Close
0%
0%

DIP8 TTL Computer

Digital Information Processor - an 8-bit computer made out of 7400 series logic and some EEPROMs. Under active development!

Public Chat
Similar projects worth following
An 8-bit computer without a microprocessor - just some 7400 series logic and some EEPROMs. Custom architecture, with custom software to follow - the plan is for a multitasking OS and a compiled language.

CPU

  • 6x general-purpose 8-bit registers: X, Y, BH, BL, CH, CL
  • 2x 16-bit registers B (BH:BL) and C (CH:CL)
  • 16-bit stack pointer and program counter
  • Flags: Carry, Zero, Negative. Flags are tested with conditional jumps
  • Instruction set is designed to be nice to write assembly for, but to also support higher level/compiled languages (with features like stack-relative addressing)
  • ROM-based ALU: add, sub, adc, sbc, cmp, and, or, xor, ror (8 bit); addw, subw (16 bit)

System

  • 8-bit data bus, 16-bit address bus
  • ~2 MHz clock
  • Text interface via UART for now
  • I/O system still being designed

Software

  • Development tools (assembler, emulator) written in Python
  • I have a plan for a cooperatively-multitasked operating system
  • Ultimate plan is to design a high(ish) level language and write a compiler

  • Log #6: Accidentally wrote a C backend

    Kyle McInnes6 days ago 0 comments

    Getting C programs running on this machine was never one of my goals, but I was looking idly at the documentation for LLVM and GCC, wondering how hard it would be to write a code generator. It seemed like far too big a task and I was happy to let it go, and then I stumbled across the vbcc compiler. It has many different backends, including some small 8-bit processors and a clean "generic" 32-bit RISC. Each backend is basically a single 1000-2000 line C file. Those examples, coupled with this useful document were enough to get me hacking together a DIP8 backend. It is quite a complicated and frustrating process, but the nice thing is you can add functionality bit by bit, and before you know it you can compile some fairly interesting C programs.

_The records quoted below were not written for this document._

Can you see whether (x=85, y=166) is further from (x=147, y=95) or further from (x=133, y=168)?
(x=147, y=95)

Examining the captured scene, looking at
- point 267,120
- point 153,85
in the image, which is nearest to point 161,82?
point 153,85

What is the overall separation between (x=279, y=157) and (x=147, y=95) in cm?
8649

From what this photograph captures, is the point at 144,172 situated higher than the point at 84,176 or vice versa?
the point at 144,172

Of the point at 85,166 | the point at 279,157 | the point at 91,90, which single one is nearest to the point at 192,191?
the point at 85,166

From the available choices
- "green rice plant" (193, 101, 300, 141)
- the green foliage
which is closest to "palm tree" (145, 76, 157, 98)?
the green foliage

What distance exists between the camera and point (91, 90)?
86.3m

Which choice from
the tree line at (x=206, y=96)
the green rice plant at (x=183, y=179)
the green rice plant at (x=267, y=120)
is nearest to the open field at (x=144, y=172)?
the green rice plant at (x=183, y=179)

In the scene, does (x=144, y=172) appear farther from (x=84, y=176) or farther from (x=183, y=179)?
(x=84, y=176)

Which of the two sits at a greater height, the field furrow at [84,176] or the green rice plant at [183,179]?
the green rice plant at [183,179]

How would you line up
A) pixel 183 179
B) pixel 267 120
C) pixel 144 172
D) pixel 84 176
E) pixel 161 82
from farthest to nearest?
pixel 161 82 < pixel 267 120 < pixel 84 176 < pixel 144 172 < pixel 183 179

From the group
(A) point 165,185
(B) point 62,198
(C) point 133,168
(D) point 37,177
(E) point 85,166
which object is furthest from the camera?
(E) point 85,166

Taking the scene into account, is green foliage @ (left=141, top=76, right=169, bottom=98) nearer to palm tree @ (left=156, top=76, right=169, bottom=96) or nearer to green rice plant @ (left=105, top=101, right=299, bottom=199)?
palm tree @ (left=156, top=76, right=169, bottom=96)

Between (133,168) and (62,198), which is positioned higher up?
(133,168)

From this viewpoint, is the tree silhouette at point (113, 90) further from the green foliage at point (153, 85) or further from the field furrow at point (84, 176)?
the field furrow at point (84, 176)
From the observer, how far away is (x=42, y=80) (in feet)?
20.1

    I haven't got function calls, structs or arrays working properly yet, but I can compile the C version of the Byte sieve test that I previously wrote in assembly:

    #define size 8191
    
    int main(void) {
    
        unsigned int count;
        unsigned int prime;
        unsigned int k;
        unsigned char *flags = 0x1000;
    
        count = 0;
        for (unsigned int i=0; i<size; i++) {
            flags[i] = 1;
        }
        for (unsigned int i=0; i<size; i++) {
            if (flags[i]) {
                prime = i + i + 3;
                k = i + prime;
                while (k < size) {
                    flags[k] = 0;
                    k += prime;
                }
                count = count + 1;
            }
        }
    
        return count;
    
    }

    This works, and to my amazement it's actually quite fast - only 20% slower (and 50% bigger in size) than my hand-crafted assembly. 

    In the process of doing this, I added some more instructions that C likes to use a lot and were otherwise a bit difficult - signed comparisons, rotate right, some more 16-bit arithmetic and a way to do arithmetic on variables in memory, without loading into a register. I'll go through those in another log.

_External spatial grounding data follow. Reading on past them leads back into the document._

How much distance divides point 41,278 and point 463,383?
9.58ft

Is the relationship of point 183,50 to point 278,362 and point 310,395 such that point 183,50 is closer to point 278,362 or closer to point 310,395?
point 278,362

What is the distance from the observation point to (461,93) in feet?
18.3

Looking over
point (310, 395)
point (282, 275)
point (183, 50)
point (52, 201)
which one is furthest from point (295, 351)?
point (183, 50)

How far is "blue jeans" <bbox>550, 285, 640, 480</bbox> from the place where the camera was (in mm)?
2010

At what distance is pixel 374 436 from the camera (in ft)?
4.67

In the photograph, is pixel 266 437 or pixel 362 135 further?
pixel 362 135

    I would like to at some point write a tutorial on how to write a vbcc backend for a homebrew CPU, as the vbcc code isn't very easy to read and the docs are a bit lacking in places. Actually the most useful backend to look at is for the "Z-machine", a VM used for Infocom text adventure games, as it's well commented - link here.

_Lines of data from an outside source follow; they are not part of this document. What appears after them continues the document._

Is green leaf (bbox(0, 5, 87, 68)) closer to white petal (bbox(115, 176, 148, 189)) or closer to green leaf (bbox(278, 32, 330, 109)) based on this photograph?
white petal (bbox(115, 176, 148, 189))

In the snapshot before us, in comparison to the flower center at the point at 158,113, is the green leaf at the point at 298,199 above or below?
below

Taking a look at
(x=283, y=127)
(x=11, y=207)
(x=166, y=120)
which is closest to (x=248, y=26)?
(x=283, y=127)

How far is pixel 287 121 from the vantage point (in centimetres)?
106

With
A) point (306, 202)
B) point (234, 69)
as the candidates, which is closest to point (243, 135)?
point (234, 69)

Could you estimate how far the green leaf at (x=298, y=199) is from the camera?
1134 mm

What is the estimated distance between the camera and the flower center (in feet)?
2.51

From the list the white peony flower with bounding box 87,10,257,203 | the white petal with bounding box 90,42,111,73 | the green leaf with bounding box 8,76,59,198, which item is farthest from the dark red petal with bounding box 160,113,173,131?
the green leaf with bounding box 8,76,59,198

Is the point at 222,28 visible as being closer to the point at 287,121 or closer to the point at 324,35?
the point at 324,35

  • Log #5: Emulation and testing performance

    Kyle McInnes07/24/2022 at 21:07 0 comments

    I had the idea to rewrite my emulator so that it uses the same decoder ROM images that the real machine will. This was quite a good move - the emulator now stays in sync with any changes I make to the instruction set. It also means the emulator is now cycle accurate - it can tell me exactly how long a program will take to run. With that, I thought I'd implement the "Byte sieve" and see how my architecture performs.

    Statistics:
        328882 instructions
        1184625 cycles
        0.5923125 sec at 2.0 MHz
        3.60 cycles/inst
    
    

    I was surprised by this - one iteration of the sieve (of size 8191, the standard size) takes 0.59 seconds. How does that compare to other processors? I found this article from 1983 that lists reader-submitted times for various systems and languages. Those times are for 10 iterations so I need to multiply my number by 10:

    1 MHz 6502  asm   13.9
    ? MHz Z80   asm    6.8
    5 MHz 8088  asm    4.0
    8 MHz 8086  asm    1.9
    
    2 MHz DIP8  asm    5.9

    Not bad! It performs about the same as a 6502 at the same clock rate, which I wasn't expecting. Maybe the 6502 code wasn't a very efficient implementation. Anyway, it's just one benchmark. I have some nice addressing modes and 16-bit registers which will have helped here, but modifying variables in memory is quite clunky at the moment. Luckily I have a plan to fix that.

    The downside to this new emulator is that it's a bit slow - it can't run in real time. Which I think is a bit funny - my Python code running at 3 GHz can't emulate a system running at a puny 2 MHz!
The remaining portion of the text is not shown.